• [Activity]
If a record holds a picture, leave the picture out and print everything else exactly.

---

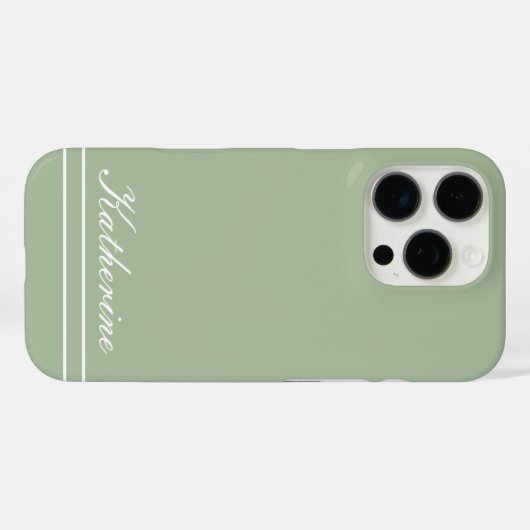 Script Naam Minimalistische Groene Eucalyptus Case-Mate iPhone Case (Achterkant (horizontaal))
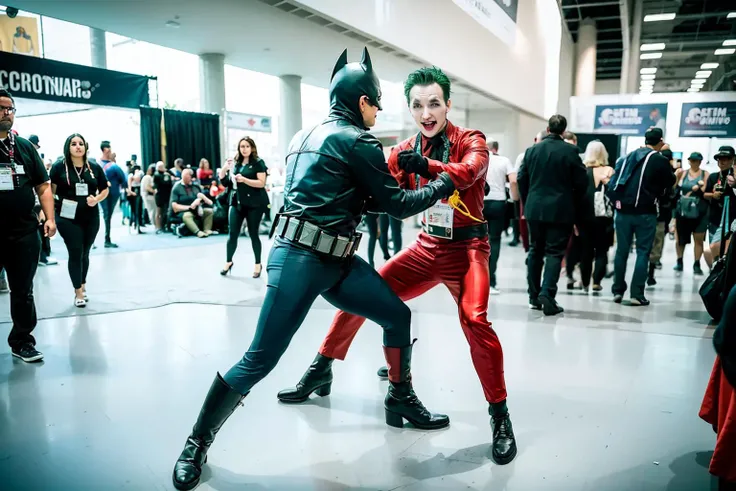 masterpiece, best quality, indoors,<lora:cc-000010:0.8>,comic con,cosplay,(2boys:1.2),looking at another,fighting stance,batman and joker \(dc\),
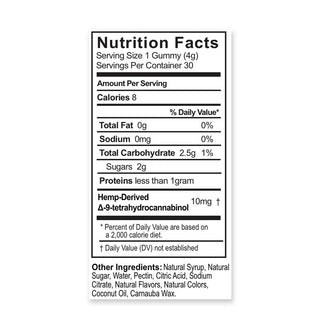 Delta-9 Vegan Gummies - 10mg / 30 count - Cherry by NAYSA - Nutrition Facts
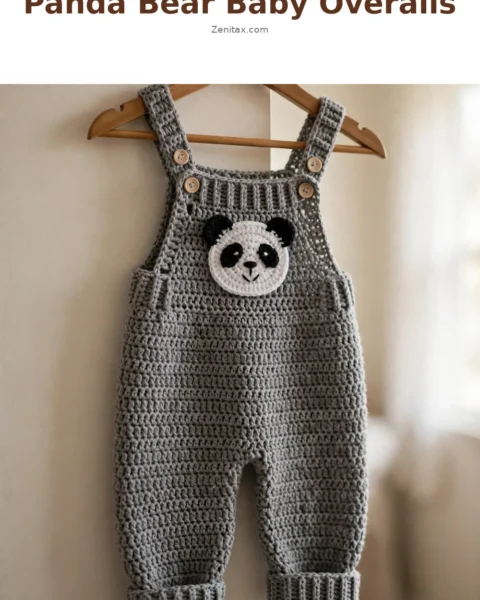 Panda Bear Baby Overalls Free Crochet Pattern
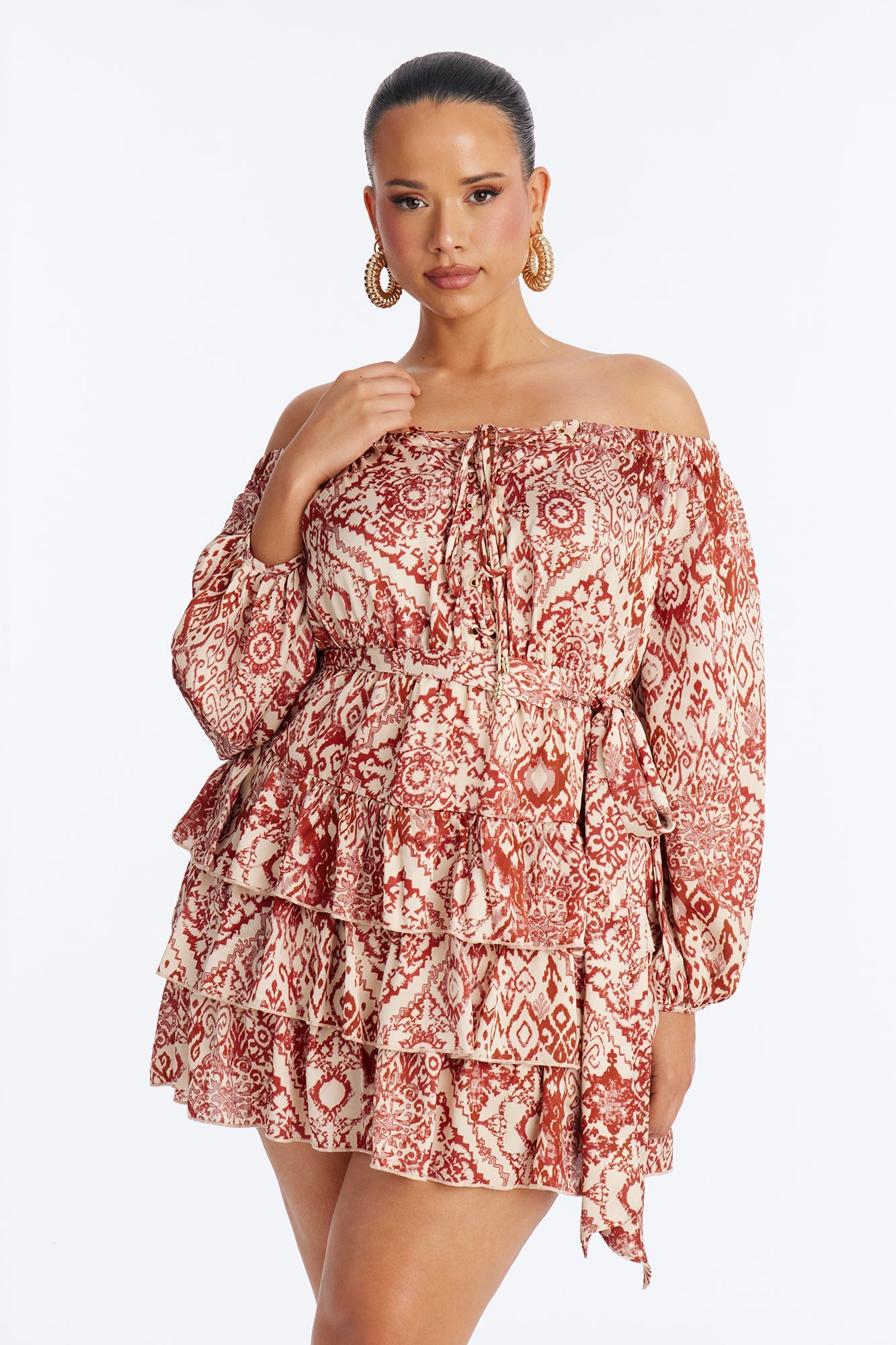 Cleo Off Shoulder Satin Mini Dress - Rust/combo
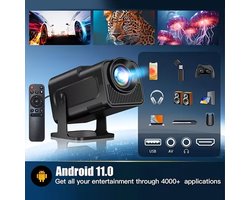 SWGOTA Mini Android 11 Smart Projector, Ondersteunt 4K Decodering, Native 1080P Videoherhaling, 400 Lumens, Uitgerust met WiFi 6 en BT5.2, Projector voor Films aan de Muur, Full HD Projector, Thuisbioscoopprojector, Ultra HD Projector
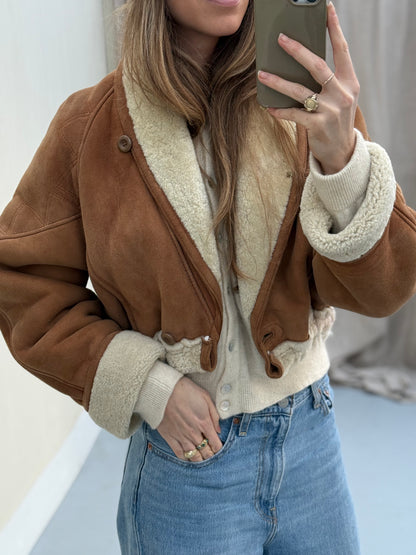 Vintage cropped lammy remade musthave shearling maat S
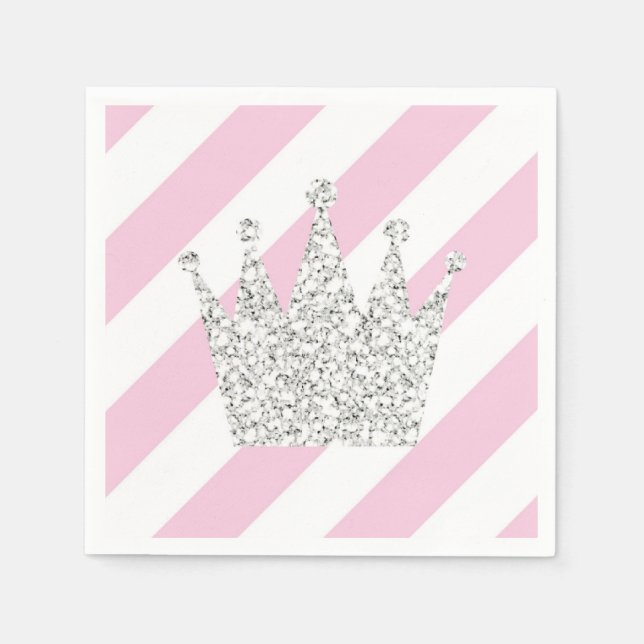 Serviettes Jetables Serviettes de couronne rose et argent Princess (Devant)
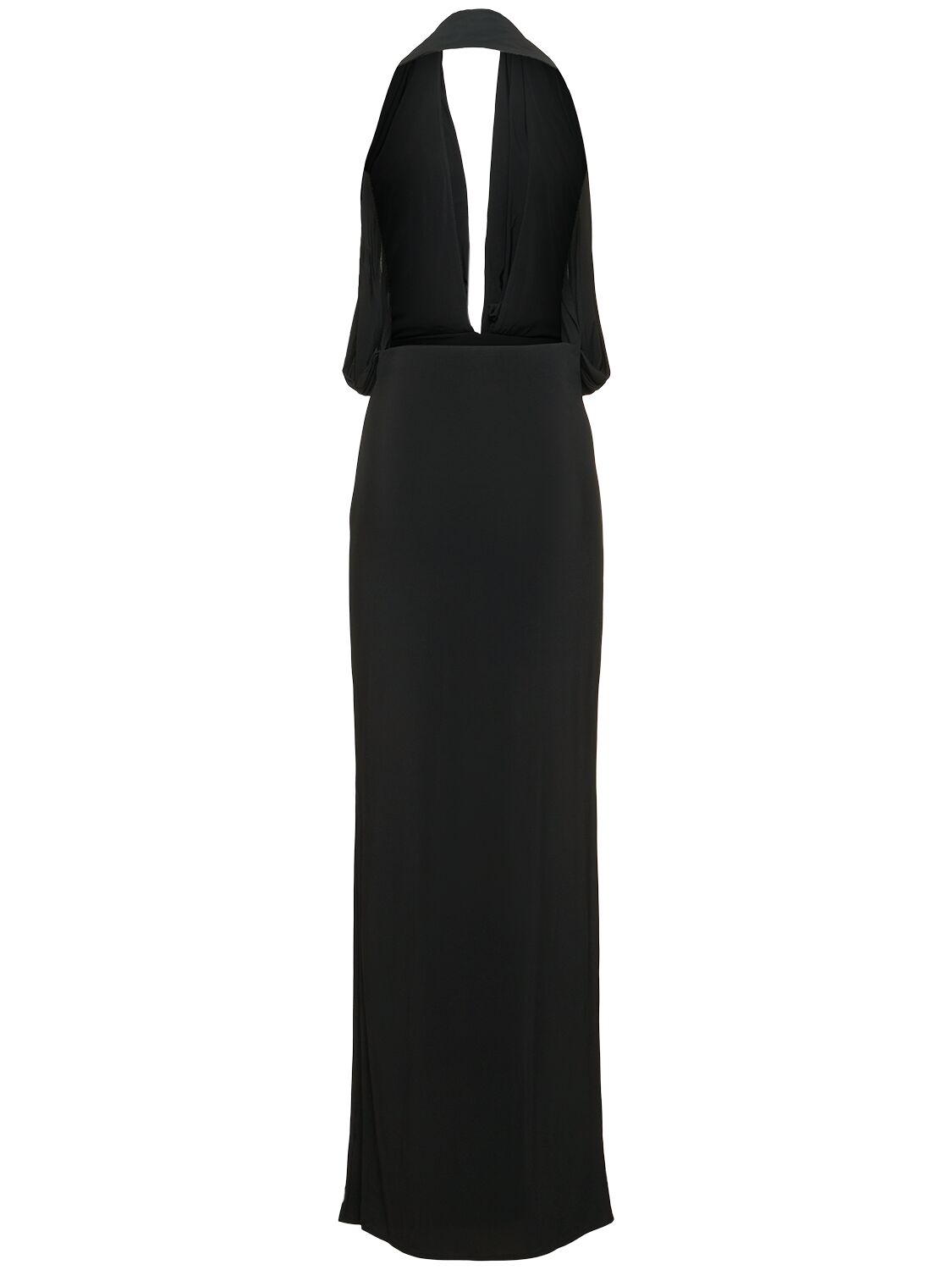 Magda Butrym Draped Stretch-satin Halterneck Gown In Black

---

• [Solution to the problem]
 Script Naam Minimalistische Groene Eucalyptus Case-Mate iPhone Case (Achterkant (horizontaal))
 masterpiece, best quality, indoors,<lora:cc-000010:0.8>,comic con,cosplay,(2boys:1.2),looking at another,fighting stance,batman and joker \(dc\),
 Delta-9 Vegan Gummies - 10mg / 30 count - Cherry by NAYSA - Nutrition Facts
 Panda Bear Baby Overalls Free Crochet Pattern
 Cleo Off Shoulder Satin Mini Dress - Rust/combo
 SWGOTA Mini Android 11 Smart Projector, Ondersteunt 4K Decodering, Native 1080P Videoherhaling, 400 Lumens, Uitgerust met WiFi 6 en BT5.2, Projector voor Films aan de Muur, Full HD Projector, Thuisbioscoopprojector, Ultra HD Projector
 Vintage cropped lammy remade musthave shearling maat S
 Serviettes Jetables Serviettes de couronne rose et argent Princess (Devant)
 Magda Butrym Draped Stretch-satin Halterneck Gown In Black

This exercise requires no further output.